Mission is the result of God’s initiative, rooted in God’s purposes to restore and heal creation. “Mission” means “sending,” and sending is the central biblical theme describing God’s interaction with humans throughout history. Consequently, a missional church is shaped by participating in God’s mission that sets things right in a broken world, to redeem it, and to restore it to what God originally intended.

Because a missionally-focused church is changed by participating in God’s mission (missio Dei), CBF strives to help congregations connect to what God is doing in the world. This new modus operandi calls for essential and fundamental re-visioning by many congregations. For example, Reggie McNeal says going missional will require three shifts in thinking and behaving:

  • From internal to external in terms of ministry focus (less focus on institutional management to engaging the world)
  • From program development to people development in terms of core activity
  • From church-based to kingdom-based thinking in terms of leadership agenda

These shifts mean the church must move from being the recipient of a generous culture to actually being generous to the culture. Congregations must move from programs and pre-occupation with self to engaging with partners to meet real needs in the world. Missional church faithfulness is defined by following God into acts of service and sacrifice—developing influence in the community through incarnational ministry, i.e. becoming the hands and feet of Christ in the neighborhood.

Some struggle to define the word missional. The concept certainly connotes more than being a missions-minded church or participating in mission projects. Stories of missional faithfulness communicate more powerfully than limited definitions of the word. That said, The Center for Parish Development offers what I consider a helpful working definition on its website:

A missional church is a community of faith where people are discerning and participating in God’s mission. As a dynamic process, the outcome of their discernment and participation will vary given their unique circumstances.

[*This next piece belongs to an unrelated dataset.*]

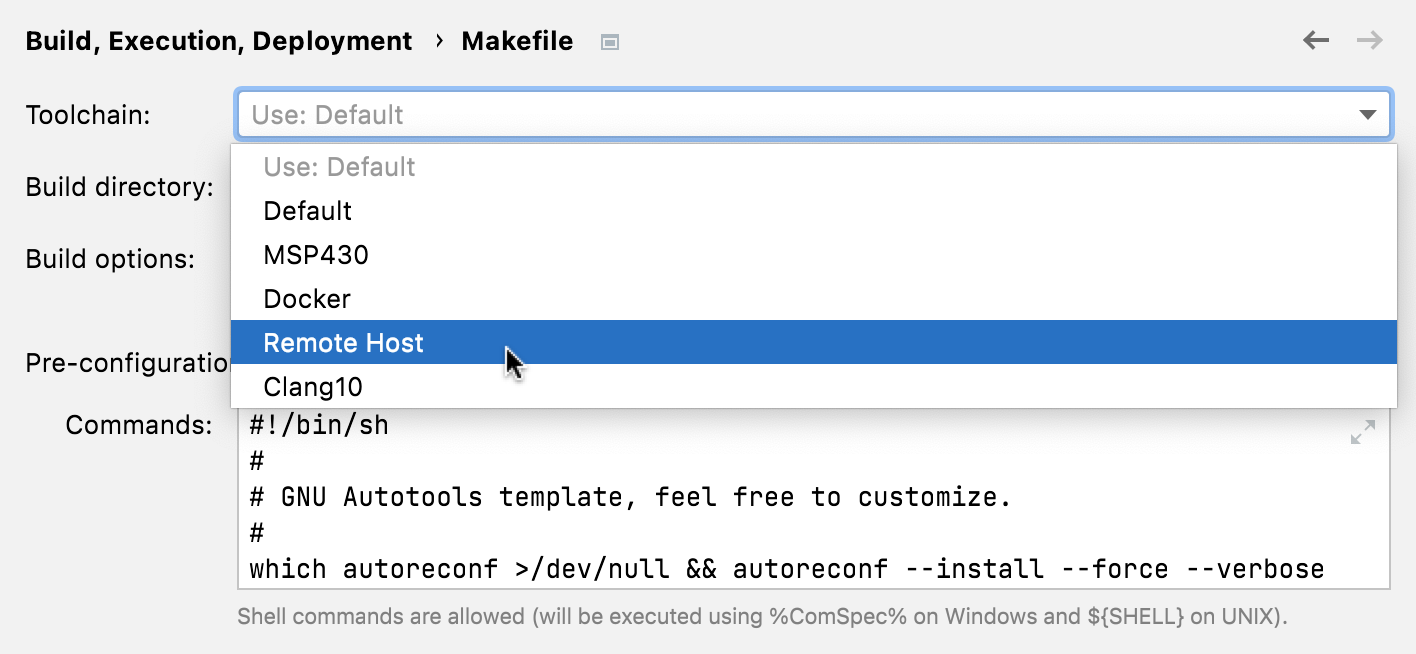 为 Makefile 项目选择工具链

At the center of their life and ministry missional congregations spend time together, opening their minds and hearts and imaginations to the movement of the Holy Spirit through prayer and worship, Bible study and conversation. At the same time, missional congregations engage in learning about their missional context, asking what are the forces and factors that are blocking the fulfillment of life as God created it? As together they discern God’s mission and discern the challenges of their context, missional congregations may shape their life and ministry in distinctive ways, utilizing their particular gifts. 

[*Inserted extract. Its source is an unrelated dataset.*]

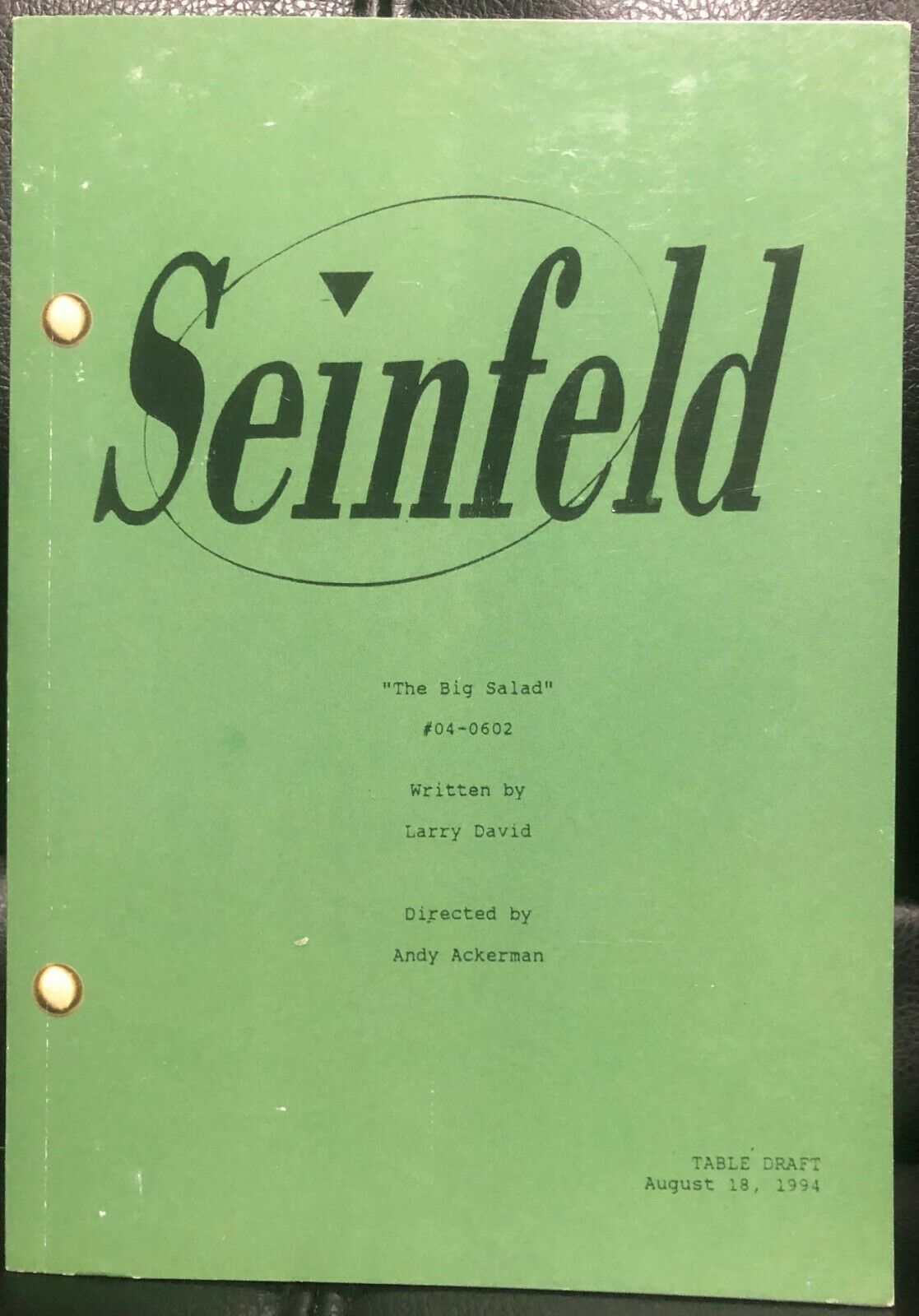 Seinfeld "the Big Salad" #04-0602 Table Draft (script Book)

The clarion call is for the Church universal to be God’s wisdom, energy, heart, and presence in accomplishing God’s mission. This perspective flies in the face of the attractional model of church. In Introducing the Missional Church: What It Is, Why It Matters, How to Become One, Alan Roxburgh and M. Scott Boren contrast the difference between an attractional church and a missional one:

Attractional Church:

  • Church is about an event and about getting people to attend the event.
  • Church provides spiritual goods and services that will help people lead better lives.
  • Church plays limited role in speaking to spiritual life.
  • Church is primarily focused on getting people into the building.
  • Church unwittingly shuts down the transformational capacity of the missional.
  • Church strives for the measurable, for countable certainty, and is information-driven.

Missional Church: 

  • Embraces the idea “It is not the church of God that has a mission. It’s the God of mission that has a church.”
  • Invites us to turn toward our neighborhoods, listening first to what is happening in the lives of people and learning to ask different questions about what God is up to in their communities.
  • Does not operate out of a predetermined model.
  • Acknowledges Missional Imagination = Mystery + Memory + Mission.
  • Engages God’s people around the world.
  • Encourages renewed dialogue with Scripture, allowing Scripture to prompt serious conversation regarding cultural context.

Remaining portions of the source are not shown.